On Mon, Dec 19, 2016 at 02:48:48PM -0500, David Miller wrote: > One thing that's interesting is that if the user picks "IPPROTO_RAW" > as the value of 'protocol' we set inet->hdrincl to 1. > > The user can also set inet->hdrincl to 1 or 0 via setsockopt(). > > I think this is part of the problem. The test above means to check > for "RAW socket with hdrincl set" and is trying to do this more simply. > But because setsockopt() can set this arbitrarily, testing sk_protocol > alone isn't enough. > > So changing: > > sk->sk_protocol == IPPROTO_RAW > > into something like: > > (sk->sk_socket->type == SOCK_RAW && inet_sk(sk)->hdrincl) > > should correct the test. > .. > > You can test if the change I suggest above works. Unfortunately, this made no difference. I spent some time today trying to make a better reproducer, but failed. I'll revisit again tomorrow. Maybe I need >1 process/thread to trigger this. That would explain why I can trigger it with Trinity. Dave
On Mon, Dec 19, 2016 at 07:31:44PM -0500, Dave Jones wrote: > Unfortunately, this made no difference. I spent some time today trying > to make a better reproducer, but failed. I'll revisit again tomorrow. > > Maybe I need >1 process/thread to trigger this. That would explain why > I can trigger it with Trinity. scratch that last part, I finally just repro'd it with a single process. Dave
From: Dave Jones <davej@codemonkey.org.uk> Date: Mon, 19 Dec 2016 19:40:13 -0500 > On Mon, Dec 19, 2016 at 07:31:44PM -0500, Dave Jones wrote: > > > Unfortunately, this made no difference. I spent some time today trying > > to make a better reproducer, but failed. I'll revisit again tomorrow. > > > > Maybe I need >1 process/thread to trigger this. That would explain why > > I can trigger it with Trinity. > > scratch that last part, I finally just repro'd it with a single process. Thanks for the info, I'll try to think about this some more.

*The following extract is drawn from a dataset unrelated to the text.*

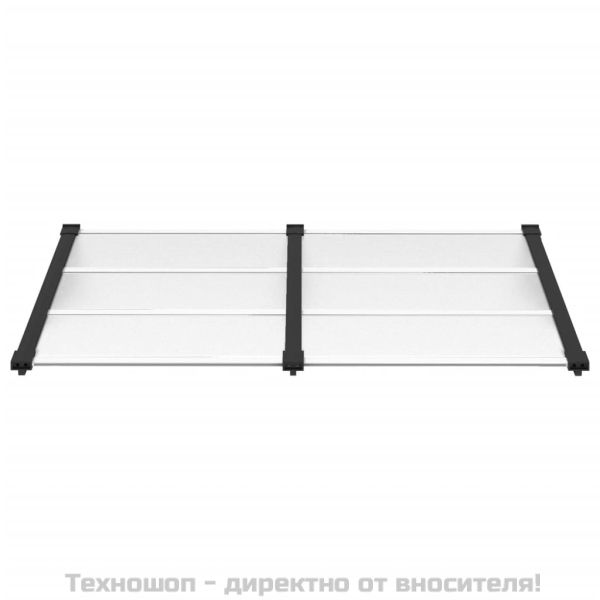 Навес за врата, черно и прозрачно, 152,5x90 см, поликарбонат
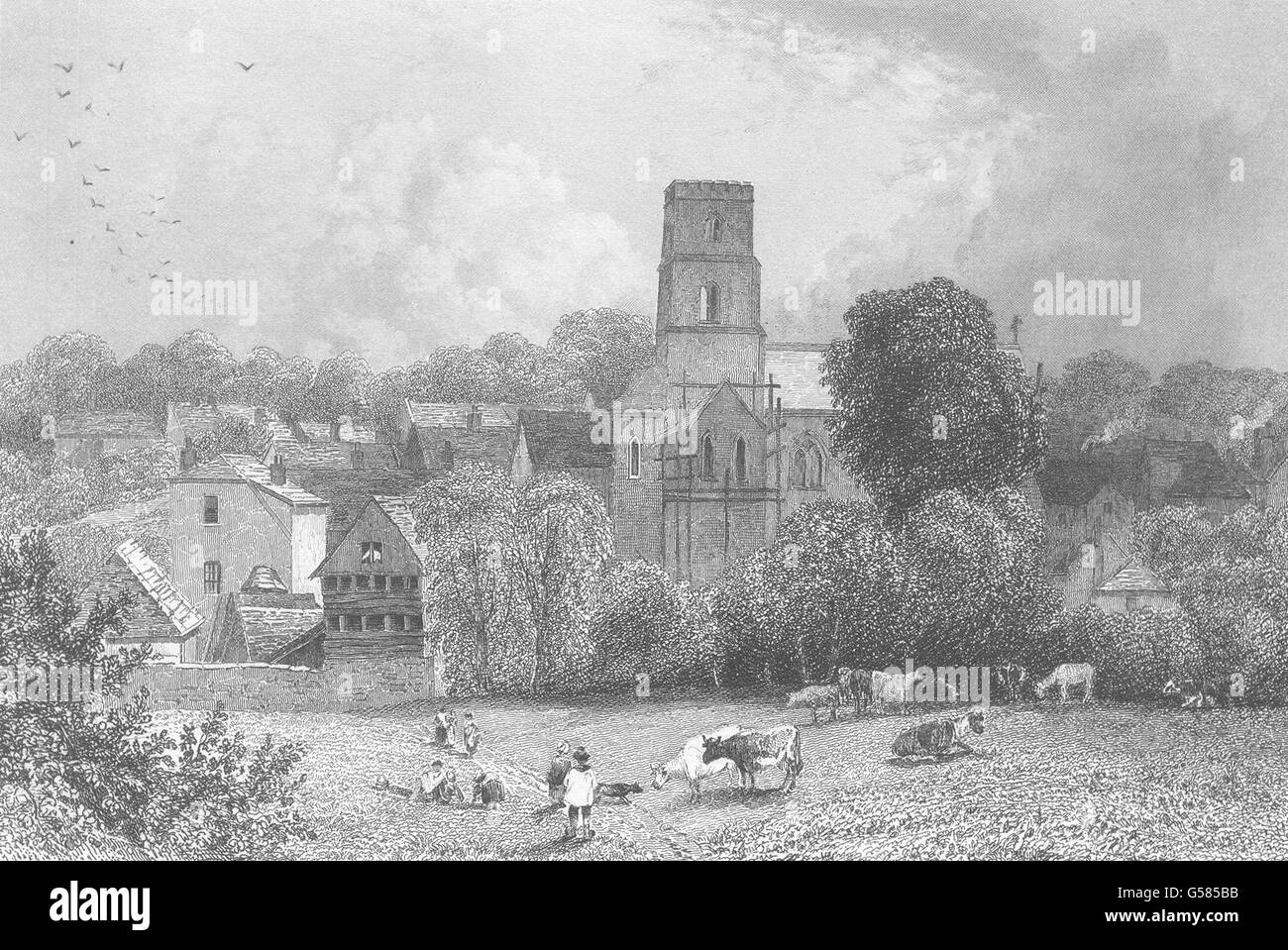 SURREY: Dorking Chiesa: Henshall. vacche. Le figure. Allen, antica stampa 1840 Foto Stock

On Mon, Dec 19, 2016 at 08:36:23PM -0500, David Miller wrote: > From: Dave Jones <davej@codemonkey.org.uk> > Date: Mon, 19 Dec 2016 19:40:13 -0500 > > > On Mon, Dec 19, 2016 at 07:31:44PM -0500, Dave Jones wrote: > > > > > Unfortunately, this made no difference. I spent some time today trying > > > to make a better reproducer, but failed. I'll revisit again tomorrow. > > > > > > Maybe I need >1 process/thread to trigger this. That would explain why > > > I can trigger it with Trinity. > > > > scratch that last part, I finally just repro'd it with a single process. > > Thanks for the info, I'll try to think about this some more. I threw in some debug printks right before that BUG_ON. it's always this: skb->len=31 skb->data_len=0 offset:30 total_len:9 Shouldn't we have kicked out data_len=0 skb's somewhere before we got this far ? Dave
From: Dave Jones <davej@codemonkey.org.uk> Date: Tue, 20 Dec 2016 13:17:28 -0500 > On Mon, Dec 19, 2016 at 08:36:23PM -0500, David Miller wrote: > > From: Dave Jones <davej@codemonkey.org.uk> > > Date: Mon, 19 Dec 2016 19:40:13 -0500 > > > > > On Mon, Dec 19, 2016 at 07:31:44PM -0500, Dave Jones wrote: > > > > > > > Unfortunately, this made no difference. I spent some time today trying > > > > to make a better reproducer, but failed. I'll revisit again tomorrow. > > > > > > > > Maybe I need >1 process/thread to trigger this. That would explain why > > > > I can trigger it with Trinity. > > > > > > scratch that last part, I finally just repro'd it with a single process. > > > > Thanks for the info, I'll try to think about this some more. > > I threw in some debug printks right before that BUG_ON. > it's always this: > > skb->len=31 skb->data_len=0 offset:30 total_len:9 > > Shouldn't we have kicked out data_len=0 skb's somewhere before we got this far ? skb->data_len is just the length of any non-linear data in the SKB. This has to do with the SKB buffer layout and geometry, not whether the packet is "fragmented" in the protocol sense. So no, this isn't a criteria for packets being filtered out by this point. Can you try to capture what sk->sk_socket->type and inet_sk(sk)->hdrincl are set to at the time of the crash? Thanks.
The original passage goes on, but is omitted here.